Frente a nosotros, el soberbio contorno de Júpiter, y a nuestros pies, una maciza placa de hielo que penetraríamos, según nuestros cálculos, en una semana. Nuestra misión había aterrizado sobre la superficie de Europa cargada de optimismo ante la posibilidad de encontrar nuevas formas de vida agazapadas debajo de aquella capa congelada. Por mi parte, el entusiasmo, o la ansiedad, tomaba la forma de inspeccionar constantemente el funcionamiento de nuestros sumergibles, cuya capacidad para resistir la presión de aquellas profundidades remotas precisaba la perfección. Descendimos al cabo del tiempo estimado. Interesará saber que allí yacían esqueletos que, de acuerdo a su estructura ósea, podían ser agrupados en pares. Interesará saber, sobre todo, que aquellos organismos flotaban esparcidos dentro de una desconcertante y colosal arca de madera.

 

Fábula del mono

Para asegurar su reconocimiento en la comunidad científica mundial por motivo de su recién creada máquina del tiempo, Marcos Sorín envió a su mono mascota al año 2100. De vuelta al presente, el pequeño primate fue interpelado por un equipo de académicos conformado para develar los acontecimientos que le depararía el futuro a la raza humana, pero los hombres de ciencia encontraron que el altivo animalito rehusaba decir palabra alguna; su argumento era simple y elocuente: era mono, no sapo.

 

La voz de él

“Tus ojos son dos luceros
que alumbran los basureros”
(Aterciopelados: La estaca)

Volví a escucharla instantes después de remover el sucio de mis manos y disimular mi pómulo rasgado con algo de un polvo barato que redescubrí en nuestro lavado. Al principio la ignoré con una súbita energía poco usual en mí; por algo mamá me reprochaba que nunca lo abandonaría así me demoliera a puñetazos secos. La voz de él se anunció quejumbrosa una vez atravesé el umbral del comedor. La pared todavía fresca no fue impedimento para que reconociera un inusitado tono suplicante en su voz. Debo decir que aun así no me conmovió ni un poquitico.
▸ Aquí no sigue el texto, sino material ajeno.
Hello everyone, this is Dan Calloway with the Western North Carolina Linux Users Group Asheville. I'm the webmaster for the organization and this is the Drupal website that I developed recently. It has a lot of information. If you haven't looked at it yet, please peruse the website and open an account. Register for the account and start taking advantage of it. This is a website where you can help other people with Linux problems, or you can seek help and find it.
La mañana siguiente le pedí a un albañil que reforzara la pared con una corpulenta mole de bloques. Con los años, la voz de él apenas se convirtió en un murmullo que empecé a confundir con el telúrico vaivén de la licuadora, con el desangelado desagüe del sanitario y, cuando mucho, con las flatulencias lácteas de los gatos en el borde del tejado.

 

La invasión

La invasión alienígena se inició a las 23:45, justo a la hora cuando los ojos no se recuperan de su derrota diurna y nuestro cuerpo remeda una casa demolida de la que los habitantes se han marchado despavoridos. Vimos el cielo salpicado de la sangre que brotaba de los cuerpos desmembrados de mujeres y niños en el desierto; hombres amarillos que se lanzaban contra los visitantes y eran rebanados mientras se asfixiaba su grito de guerra; calles que exhalaban el tufo de la carne oscura vuelta cenizas. Nuestra nación impuso la victoria luego de que la última nave invasora se rompiera en tirones de metal bajo las tejas del cielo. Ninguno de nosotros, como habíamos previsto con minucia, resultó herido en la guerra que acabábamos de simular. Enseguida desinstalamos nuestros laboratorios y lanzamos a la hoguera los registros de nuestra tecnología avanzada. Al fin habíamos acabado con todas esas razas apestosas y no tendríamos que compartir el planeta con ningún pobre diablo. Lo más alentador era que el culpable siempre sería señalado más allá de las estrellas.